Discussing the differences between their views, she said: “One, I want to see this nation united as opposed to divided. I don’t want to see a race war as Donald Trump does.”
Manigault Newman, who has known Trump since she was a contestant in 2003 on his reality TV show, “The Apprentice,” said his proclivity for racial division is evident “when you see at every single opportunity he insults African-Americans.” She noted, as examples, Trump’s recent criticism of NBA player LeBron James and California Democratic Rep. Maxine Waters.
Trump recently tweeted that it took the “dumbest man on television” — also an African-American — to make James “look smart,” and he regularly refers to Waters as “low I.Q.”
“He wants to divide this nation,” said Manigault Newman, who spoke to the AP during the publicity tour for her book, “Unhinged,” in which she portrays Trump as racist and misogynistic.
“He wants to pit his base against successful African-Americans,” she said. “He uses his rallies to really encourage people to bring down African-Americans. That is truly evidence that this man is not trying to unite us. But he is specifically trying to divide us.”

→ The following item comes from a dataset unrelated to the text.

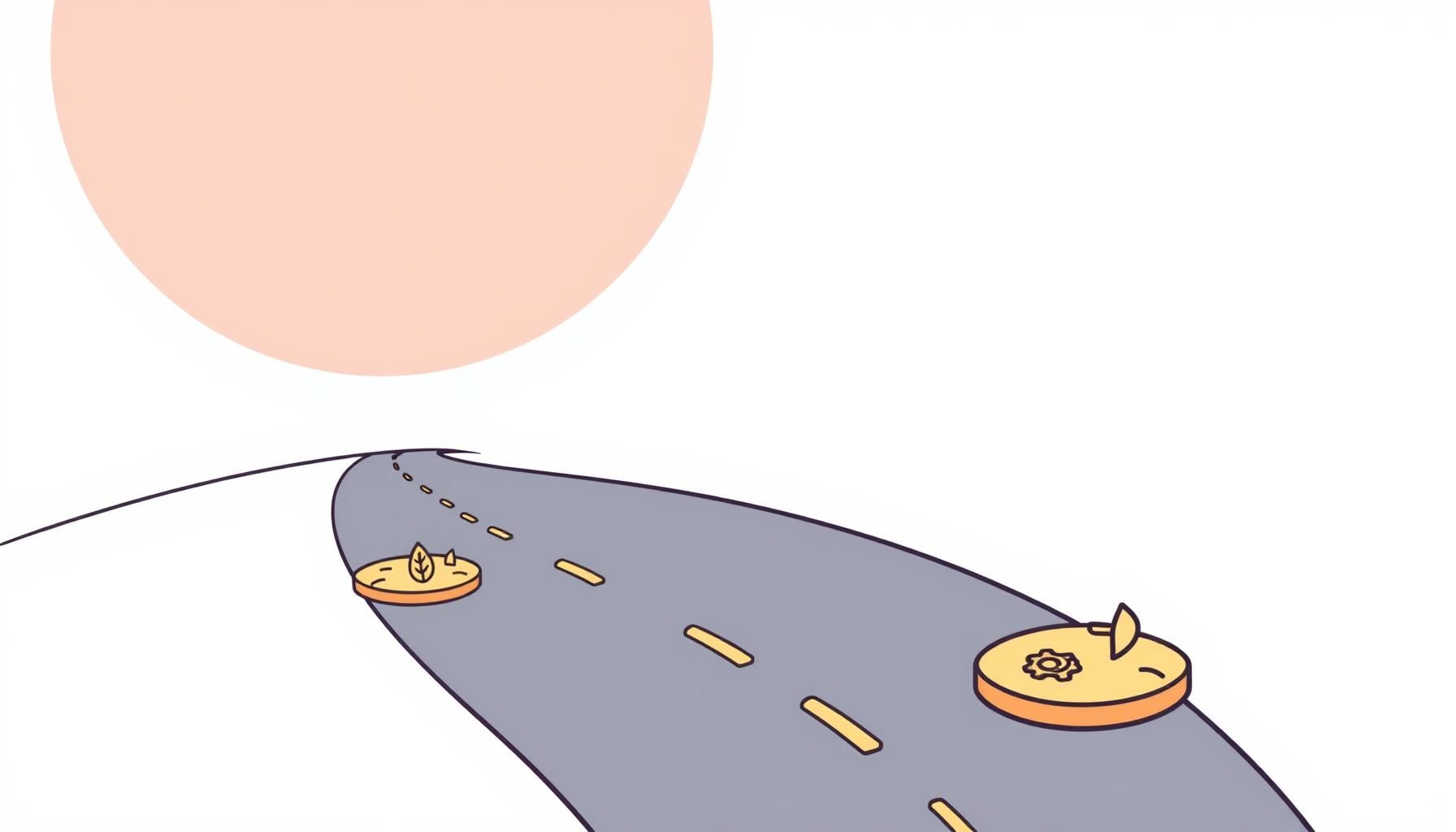 pais e filhos descobrindo juntos novas ideias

In addition to speaking publicly about her experiences in Trump’s White House, Manigault Newman has been releasing audio recordings of conversations and meetings held in the building, including a snippet of one she says is of her telephone conversation with Trump the day after she was fired in December by White House chief of staff John Kelly.
She declined Tuesday to answer questions about her recordings, which she has described as a “treasure trove,” and the extent to which colleagues are secretly recording each other at the White House, again citing the arbitration action.
But she defended herself against criticism that she didn’t do enough to help African-Americans. She noted that hiring and personnel were the responsibility of others in the White House, but said she has “tons and tons of emails” in which she pushed job candidates for consideration.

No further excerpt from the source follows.